According to CNN.com: Sarah Sanders, the White House press secretary, addressed the matter at the daily briefing. Sanders said the White House would “certainly” look into the matter, but said for now she would refer reporters to the EPA’s statement, explaining that she could not “speak to a situation that I don’t have a lot of visibility into.” 

Yes, Ms. Sanders, the White House needs to “look into the matter.” It also needs to allow the media unfettered access to events of public concern for all Americans.

There’s that thing called the U.S. Constitution’s First Amendment, too, that guarantees “freedom of the press.” Let ’em report … freely!

‘Obligation,’ no; prerogative, yes!

CNN anchor Don Lemon is not among my favorite TV journalists/talking heads.

He is the one who once asked — reportedly in all seriousness — whether the Malaysian Airlines jetliner that disappeared en route from Kuala Lumpur to Beijing had been swallowed up by a “black hole,” apparently not realizing that such an event would have consumed the entire solar system.

I got that out of the way.

Now we hear that Lemon says it is his “obligation” to refer to Donald J. Trump as a “racist.”

According to The Hill: “Critical thinking is important as a journalist. If you cannot surmise that this president — if he’s not racist, he’s certainly racist-adjacent,” Lemon told an audience as the keynote speaker at Variety’s Entertainment & Technology NYC Summit. “We have come to a consensus in our society that facts matter. I feel like it’s my obligation to say that.”

I beg to differ, young man.

It’s not your “obligation,” although it is your “prerogative” to say what you want about how you perceive the president’s point of view. His obligation as a journalist requires fairness and accuracy.
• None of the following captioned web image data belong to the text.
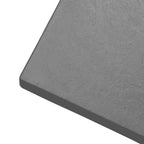 Grey SMC Shower Trays with Solid Holes Drain Cover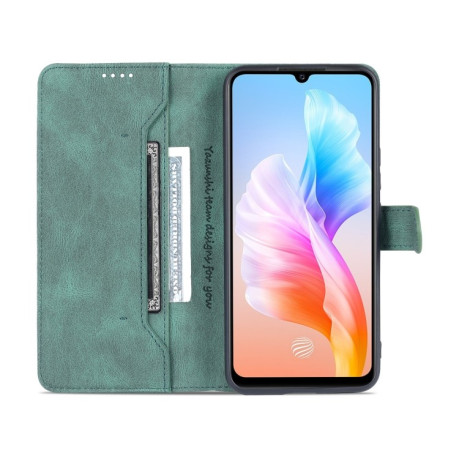 Чехол-книжка AZNS Dream II Skin Feel Horizontal Flip Leather для Vivo S10e / V23e 5G - зеленый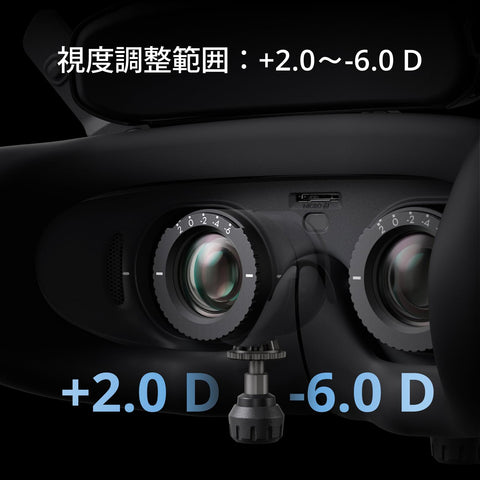 DJI Goggles 3 カメラドローンアクセサリー DJI Goggles 3 驚異的なマイクロOLED画面 FPVゴーグル 没入感あふれる飛行体験 O4 HD映像伝送 調整可能な度数 ワイヤレス ストリーミング ドローンゴーグル Neo/Avata 2/Mini 4 Pro/Air 3/RC Motion 3/FPV 送信機 3/RC-N2/RC 2対応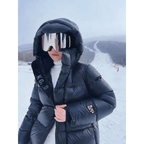 R&B | Damen Lange Gepolsterte Jacke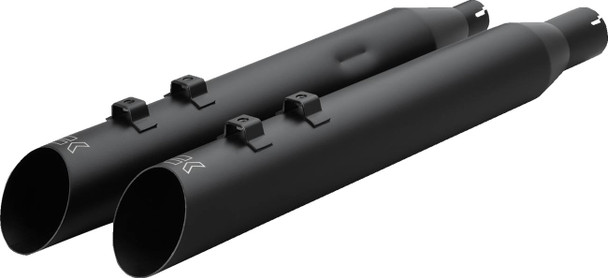 KHROME WERKS - 18011863 - HP-Plus® Slip-On Mufflers - Slash-Up - 4"- M8 - Black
I am quick to agree that Donald Trump has provided plenty of evidence of racist tendencies. I keep turning to the lie he fomented about Barack Obama place of birth, as he kept alive the slanderous accusation that the first African-American president was born in Africa and was constitutionally ineligible to serve in the office to which he was elected twice.
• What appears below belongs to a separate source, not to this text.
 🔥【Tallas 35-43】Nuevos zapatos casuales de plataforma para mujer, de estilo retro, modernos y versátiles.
And, yes, there was that hideous assertion that there were good people “on both sides” of the riot that erupted in Charlottesville, Va., between counterprotesters and Klansmen, neo-Nazis and white supremacists.

Lemon’s “obligation” only is to report what Trump has said; he should let his viewers make the determination as to whether the president is a racist.

The U.S. Constitution’s First Amendment, of course, doesn’t prevent him from hanging the “racist” label on Trump. Indeed, it allows Lemon to say it, but it damn sure doesn’t require it.